Although the misrepresentations did not constitute an occurrence, the court noted that the rule of concurrent risks could still compel coverage due to the negligence claims in the case and the jury’s findings that the negligent construction caused 75% of the damages. Accordingly, it examined the policy’s exclusions and concluded that the “your work” exclusion applied to bar coverage. The supreme court found that the property damage arose out of negligence and misrepresentations, that the damage did not occur on defendants’ property, and that the work was completed at the time that the damages arose.
The court found that the subcontractor exception was “nongermane” as no subcontractors were involved with the initial design other than to implement the design by doing the construction. Per the court, the involvement of subcontractors was insufficient, rather, the negligence of subcontractors was required to have caused the damage in order for the exception to apply to restore coverage. Here, the court found that the subcontractors performed work at the direction and under the supervision of the defendants. Accordingly, the Wisconsin Supreme Court’s finding was that American Family did not have to provide insurance coverage for the damages awarded.
Justice Bradley (joined by Justice Abrahamson) wrote a concurrence which differed from the majority in noting that whether an act is intentional is based upon determining whether the injury or damages are unexpected and unintentional -- not whether there is some intentional act involved somewhere down the line. Further, she wrote that negligent misrepresentations which include a volitional act can be an accident (and hence, may trigger coverage) if: (1) the insured did not intend to make a misrepresentation; (2) if the insured did not intend to cause injury; and if (3) the injury was not foreseeable. In other words, negligent misrepresentations do not give rise to accidents/occurrences where the misrepresentations are akin to fraud.

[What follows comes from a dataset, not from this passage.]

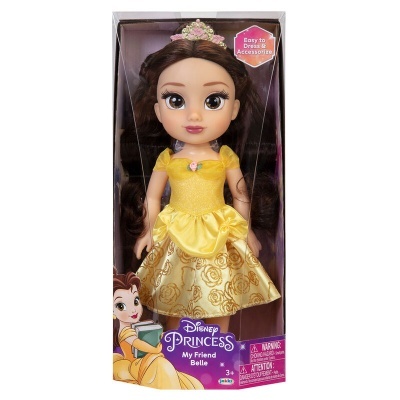 Boneca Disney Princesa Belle com vestido amarelo dourado embalada em caixa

Justice Roggensack (joined by Justice Ziegler) wrote a concurrence which provided that the jury’s findings did not sustain an actionable claim for misrepresentation because the jury found only promises of future performance (such as that the defendants would comply with the building codes, would build a good product, etc.). She noted that a representation cannot ripen into an actionable misrepresentation if promises are not kept. Justice Roggensack also took issue with the majority for engaging in fact finding (suggesting the court should have looked only to the jury’s special verdict responses), and with the court’s interpretation of Everson, suggesting that the majority read Everson as requiring an intent to deceive along with the volitional act. The justice also stated that the economic loss doctrine should apply to preclude the plaintiffs’ negligent construction claim.
In sum, insurers who are litigating coverage should seek to dismiss Wisconsin Statute Section 100.18 (and other similar statutory misrepresentation claims) based upon this decision.